[[ Working data, beginning ]]
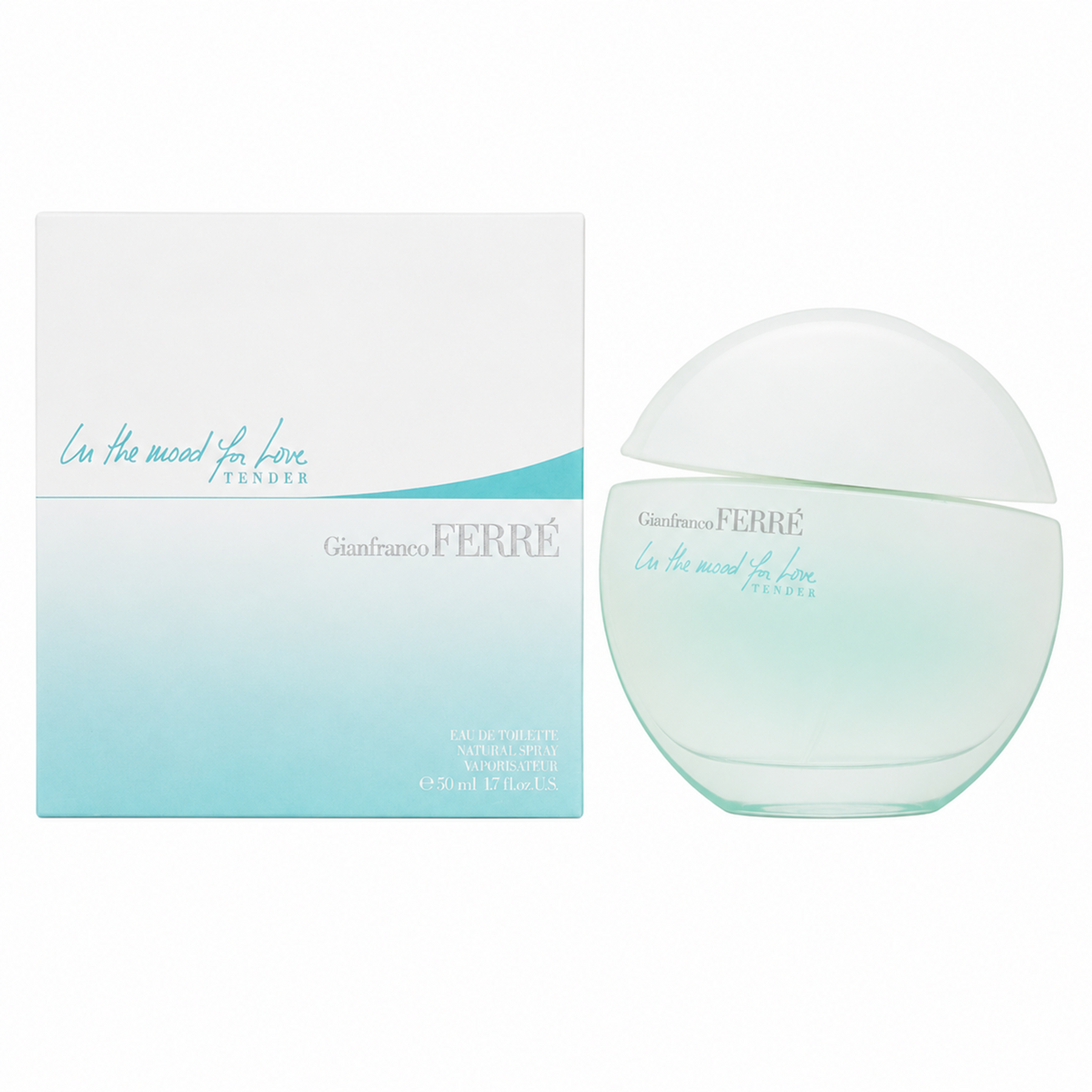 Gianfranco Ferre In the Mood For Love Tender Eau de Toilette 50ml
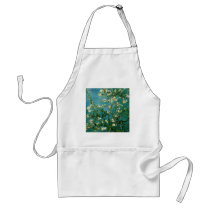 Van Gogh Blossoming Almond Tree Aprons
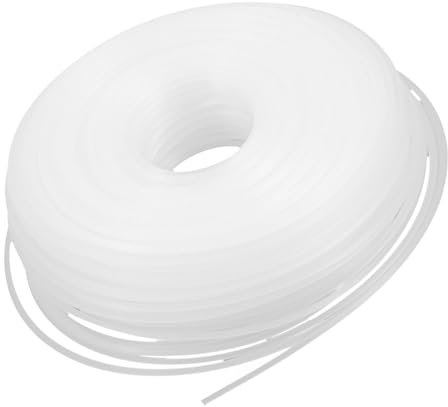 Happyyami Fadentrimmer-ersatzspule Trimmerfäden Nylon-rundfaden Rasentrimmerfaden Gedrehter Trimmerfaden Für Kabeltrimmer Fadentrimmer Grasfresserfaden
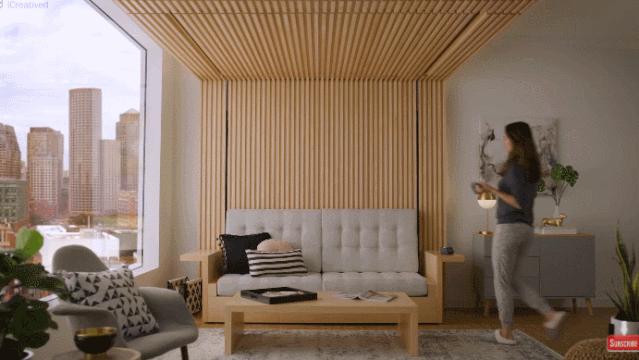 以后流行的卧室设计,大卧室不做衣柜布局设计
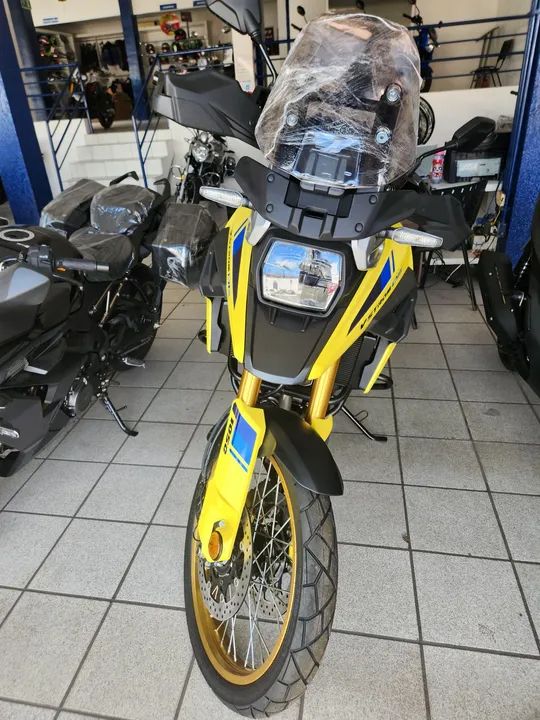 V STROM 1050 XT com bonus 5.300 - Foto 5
[[ Working data, end ]]
Reproduce each entry verbatim, excluding any embedded images.

 Gianfranco Ferre In the Mood For Love Tender Eau de Toilette 50ml
 Van Gogh Blossoming Almond Tree Aprons
 Happyyami Fadentrimmer-ersatzspule Trimmerfäden Nylon-rundfaden Rasentrimmerfaden Gedrehter Trimmerfaden Für Kabeltrimmer Fadentrimmer Grasfresserfaden
 以后流行的卧室设计,大卧室不做衣柜布局设计
 V STROM 1050 XT com bonus 5.300 - Foto 5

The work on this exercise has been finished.